Visitors can stroll around Mystic Point where soggy, misty grounds give way to oversized statues, crumbling pillars, and treasures of the past that have been collected by the benevolent Lord Mystic. Likely to the tune of an old-time radio playing jazzy Hollywoodland standards, this area will prove equally as haunting as the famed queue line for the Twilight Zone Tower of Terror attractions.
But the real haunting begins in the manor on the hill.
The Ride
Mystic Manor itself abandons all precedent and rebuilds the “haunted house” ride from scratch. Forget 999 happy haunts, graveyards, and ghostly dinner parties – the forces of Mystic Manor are much older, and much stranger. The house, like the rest of the land, is an odd representation of dozens of cultures and architectural styles all sewn together into a surprisingly handsome mansion.
The inside of the home, we find, is just as foreign.
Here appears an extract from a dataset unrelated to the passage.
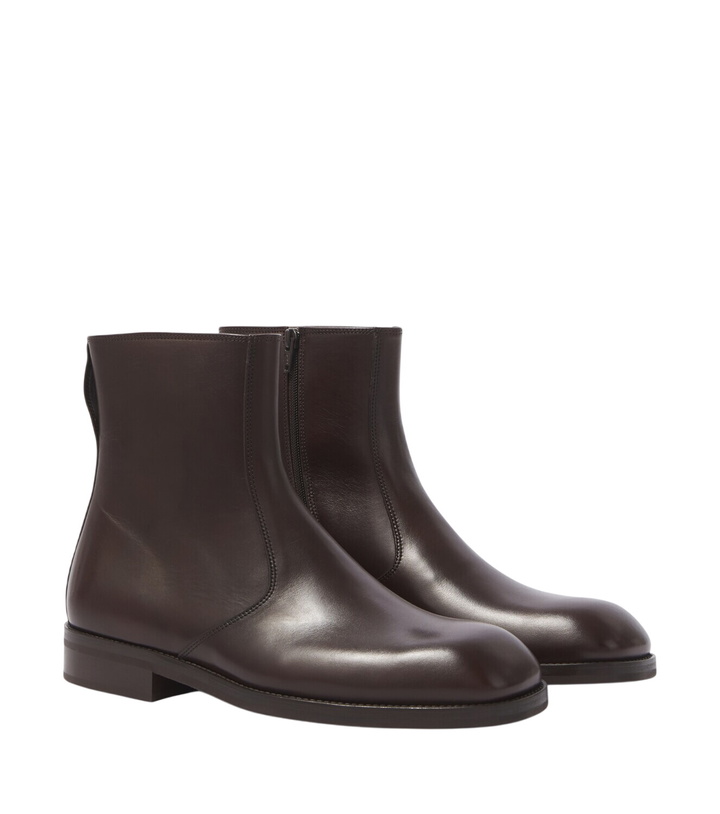 Photo: Lemaire Leather ankle boots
Lord Mystic’s collection represents limitless cultures that recount his turn-of-the-century tour around the globe to remote locales. One particularly interesting piece of the collection is an old music box that has never been opened… until Lord Mystic’s curious friend (who, by the way, is a monkey) decides to see what’s inside.
The power released by the music box spreads through the house, bringing all of the home’s ancient artifacts (and the spirits that lie within) to life. What exactly will occur within the ride is (you guessed it) a mystery, but concept art displays scenes that are sure to delight: a medieval cannon blasting smoke rings and a corridor where an ancient booby-trap sends darts whizzing past riders (both effects likely based on the two international versions of the Indiana Jones Adventure).
In another scene, a Nordic god appears to breathe icy air across riders before they separately encounter an imposing Polynesian totem with red hot lava spilling from its mouth.
The Golden Sleighs
But even beyond the concept art, speculation has fans on the edge of their seat about the ride’s conveyance system. Gone is the tried-and-true Omnimover, a slow-moving conveyer belt system used in the other Haunted Mansions and on the new Little Mermaid rides in the U.S. Instead, rumors point to a re-use of the trackless, computer-guided system used in Tokyo’s Pooh’s Hunny Hunt and Aquatopia. Should that prove to be true, guests seated in golden sleighs will find themselves gliding about through the house; elegantly pulling into scenes, then backing out of them; even participating in close-encounter “dances” with other vehicles in a precisely choreographed encounter guided by a local positioning system.
Our Thoughts
Mystic Manor is sure to be the envy of Disney fans across the globe. It’s an incredible evolution of the Haunted Mansion concept, and boldly combines that timeless attraction with the atmosphere of the Tower of Terror and the ancient-curse genre of Indiana Jones Adventure, all wrapped up in a beautiful package with already-likable characters.
Mystic Manor seems poised to represent the next generation in Disney Parks technology and storytelling, and it appears that it will be worth the wait.